‘Out, Damned Spot’: A Summary and Analysis of Lady Macbeth’s Sleepwalking Scene (2024)

By Dr Oliver Tearle (Loughborough University)

‘Out, damned spot’ is one of the most recognisable phrases uttered by Lady Macbeth in William Shakespeare’s great tragedy. The scene mirrors Macbeth’s earlier references to his own guilt, and acts as a clear indication of how the once-defiant and determined Lady Macbeth, one of Shakespeare’s most fully realised female villains, has become undone by her own conscience. And she reveals all of this while she’s asleep.

Let’s go through the relevant passages from Act 5 Scene 1 of Macbeth, often known as the ‘sleepwalking scene’ featuring Lady Macbeth, offering a summary and analysis of the scene as we go. (We have analysedMacbethas a whole here.)

SCENE I. Dunsinane. Ante-room in the castle.

Enter a Doctor of Physic and a Waiting-Gentlewoman

DOCTOR:
I have two nights watched with you, but can perceive no truth in your report.

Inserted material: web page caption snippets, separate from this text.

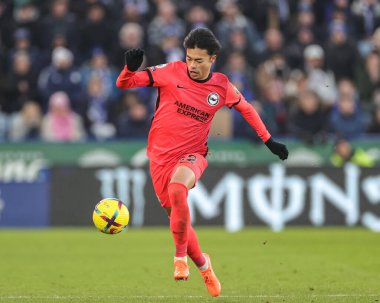 Kaoru Mitoma #22 of Brighton & Hove Albion breaks with the ball during the Premier League match Leicester City vs Brighton and Hove Albion at King Power Stadium, Leicester, United Kingdom, 21st January 202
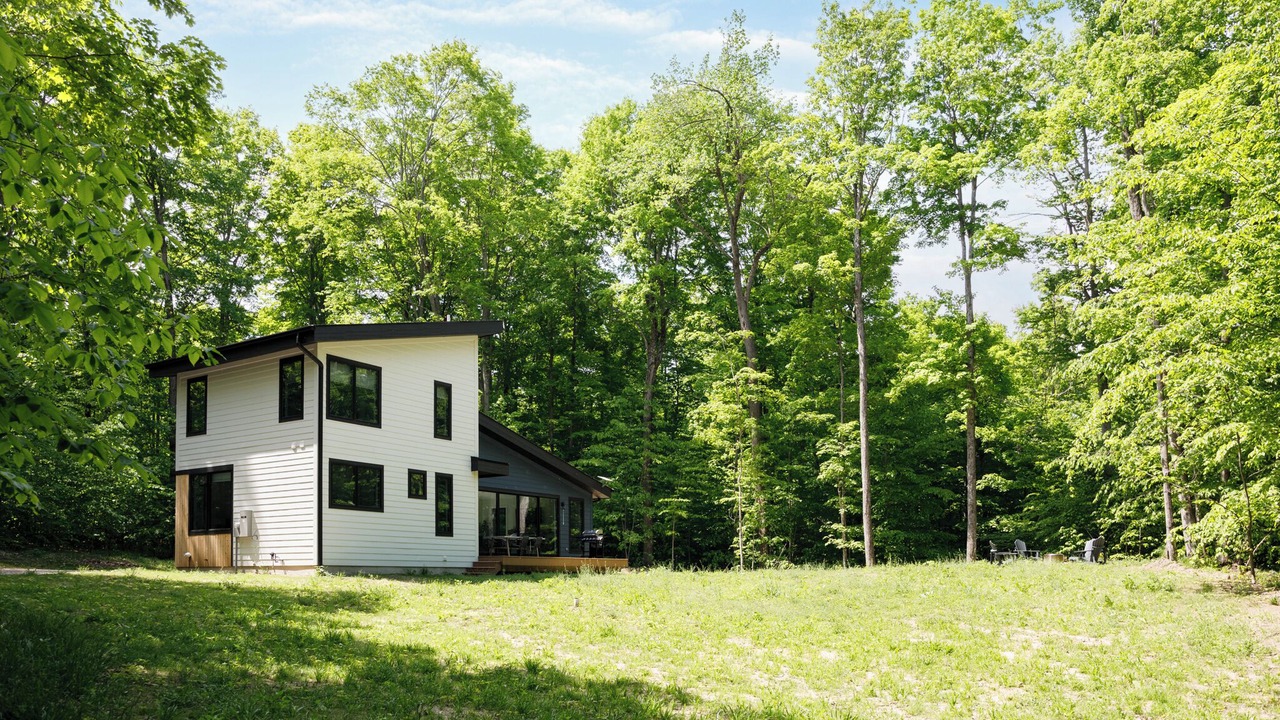 Photo of Outdoor in Empire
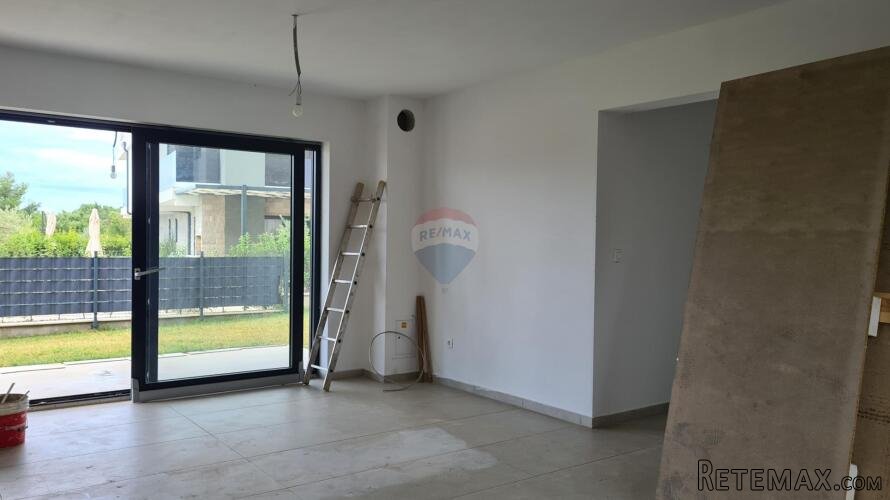 Poreč: Moderan stan 3 ss u prizemlju + dvorište 160 m2 - 6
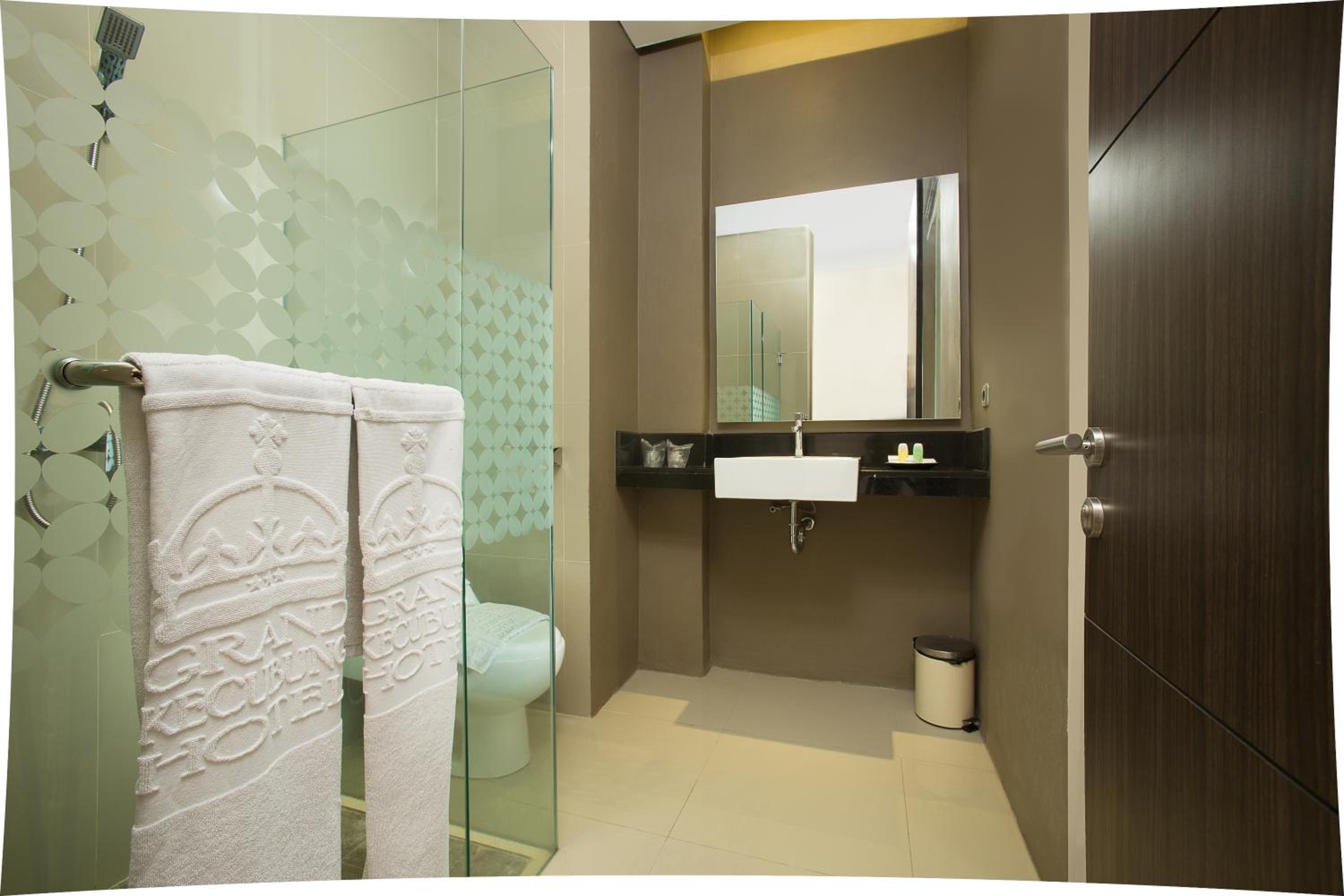Superior Twin Room - Photo 2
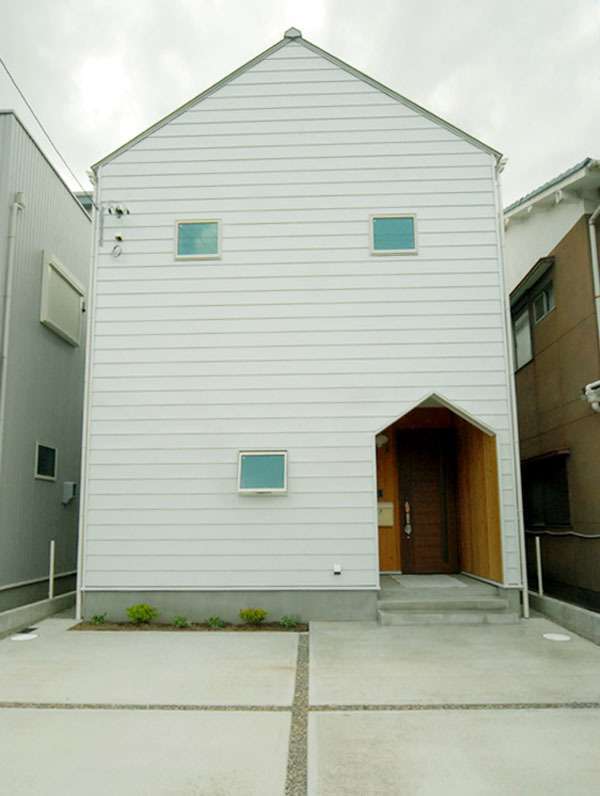 白いさんかく屋根のいえの暮らし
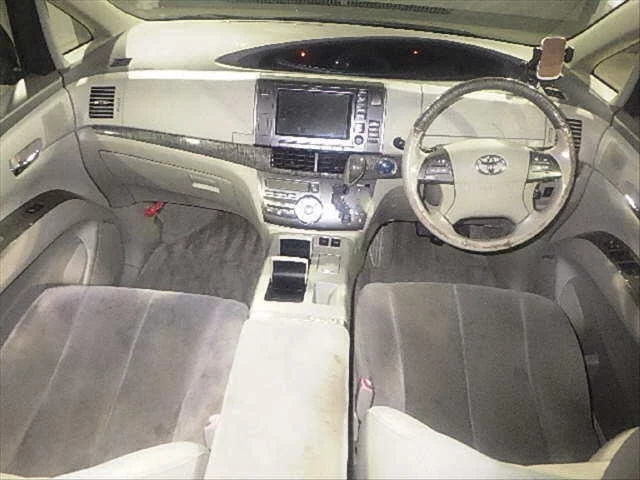 Toyota ESTIMA HYBRID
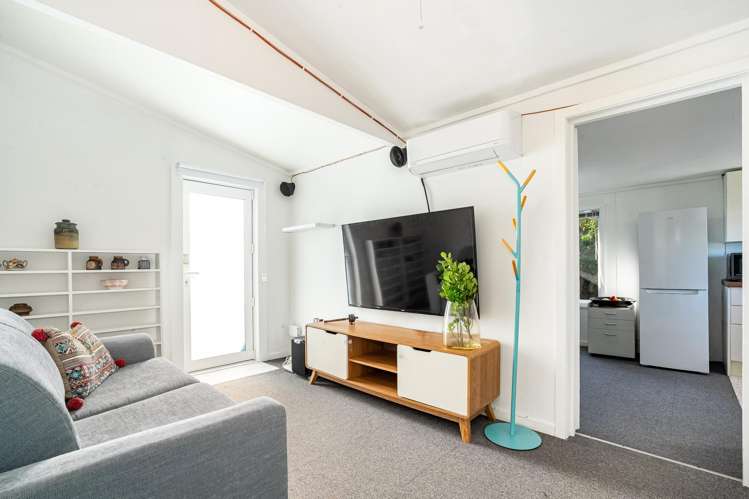 142 Severn Street Island Bay_22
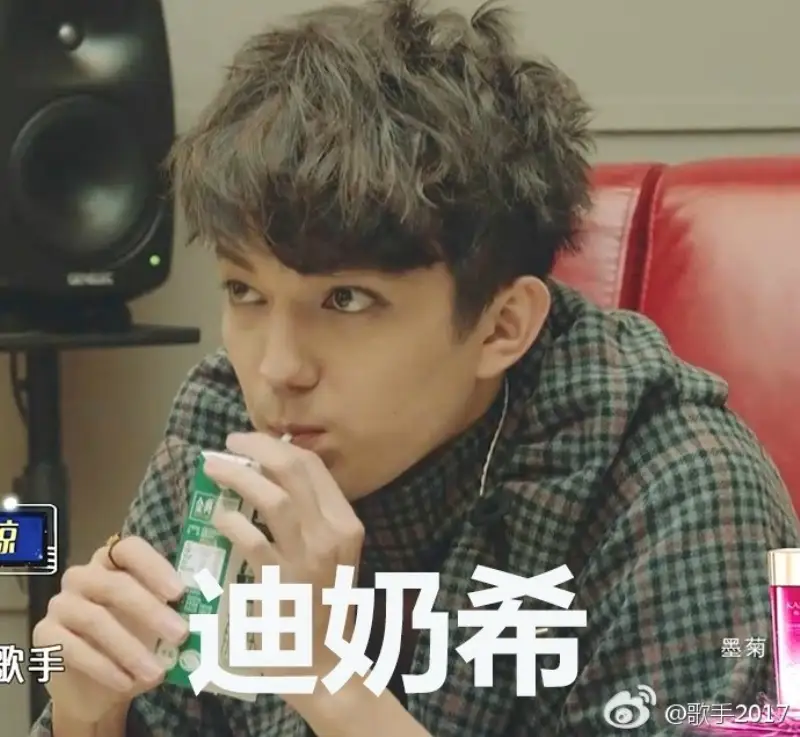 Қытайлық &laquo;қалыңдықтар&raquo; Димаштың сахнадан тыс өмірі жайлы видео жариялады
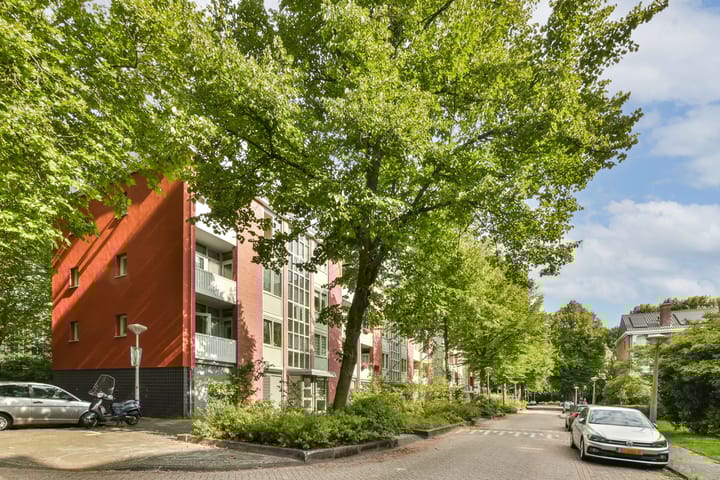 Bouvigne 16-3 in Amsterdam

When was it she last walked?

The famous ‘sleepwalking scene’ takes place in a room in Dunsinane castle, now owned by the Macbeths since their killing of Duncan and Macbeth’s claiming of the crown of Scotland.

A Waiting-Gentlewoman who serves in the Macbeths’ household has told the Doctor who accompanies her that Lady Macbeth has been seen sleepwalking around the castle, but although he has accompanied her for two nights now, they have, as yet, failed to see Lady Macbeth walking around on her somnambulistic travels.

GENTLEWOMAN:
Since his majesty went into the field, I have seen her rise from her bed, throw her night-gown upon her, unlock her closet, take forth paper, fold it, write upon’t, read it, afterwards seal it, and again return to bed; yet all this while in a most fast sleep.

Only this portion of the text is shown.